Instructions for the task: Line by line, give the data again exactly as it appears, but without pictures.

Recorded information:
▬▬▬▬▬▬

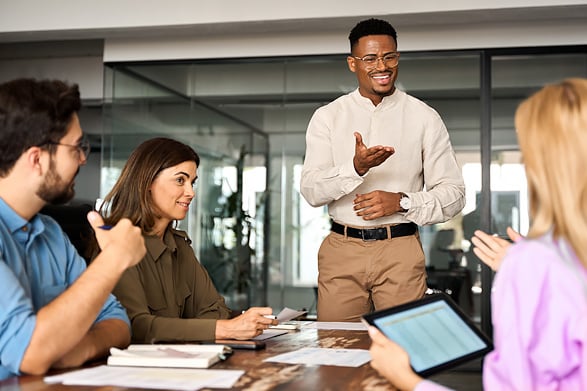 PrecAQ_EHRsolutionsPg_graphics_01_team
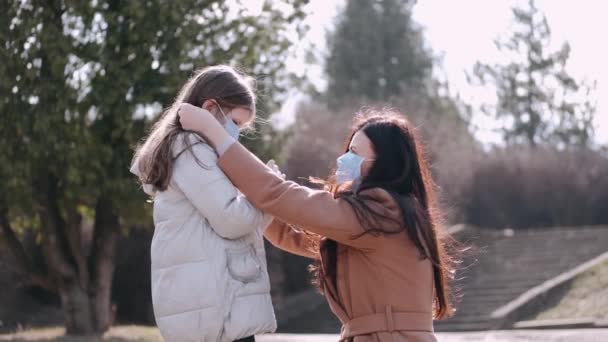 Mother and daughter are wearing disposable masks - Záběry, video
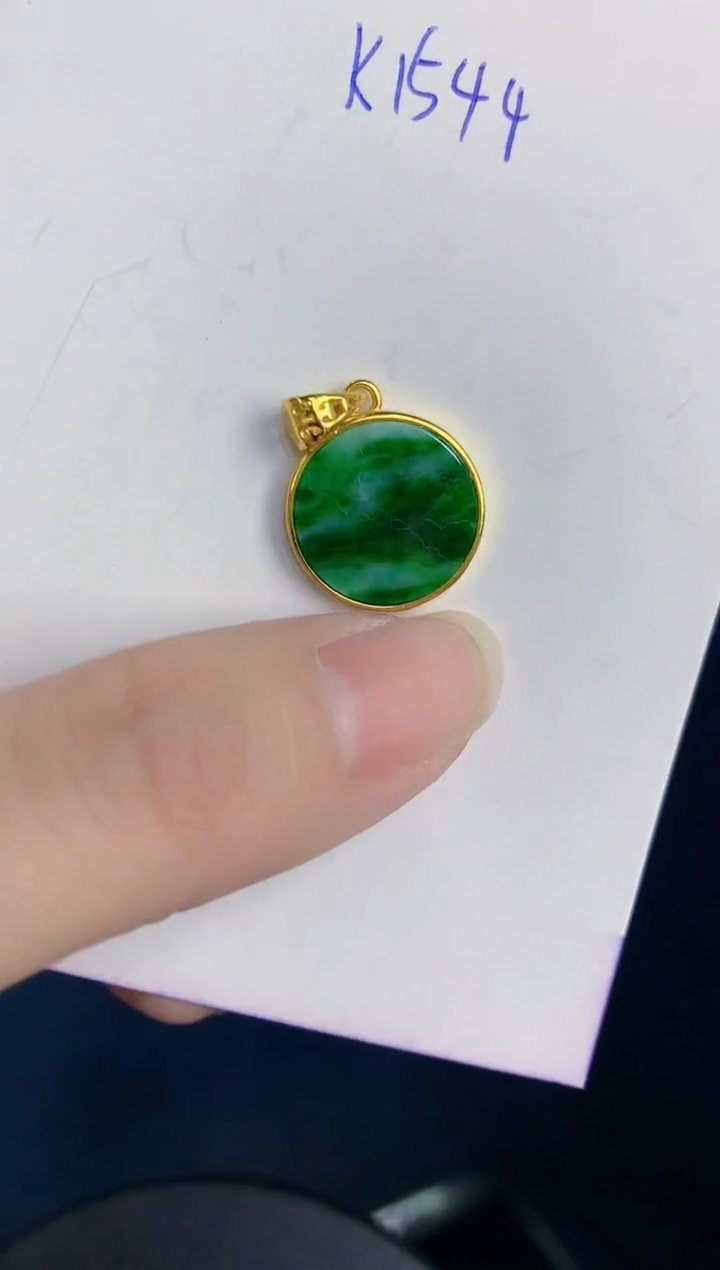 颈饰未镶嵌翡翠天然翡翠缅甸A货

▬▬▬▬▬▬

Expected output:
 PrecAQ_EHRsolutionsPg_graphics_01_team
 Mother and daughter are wearing disposable masks - Záběry, video
 颈饰未镶嵌翡翠天然翡翠缅甸A货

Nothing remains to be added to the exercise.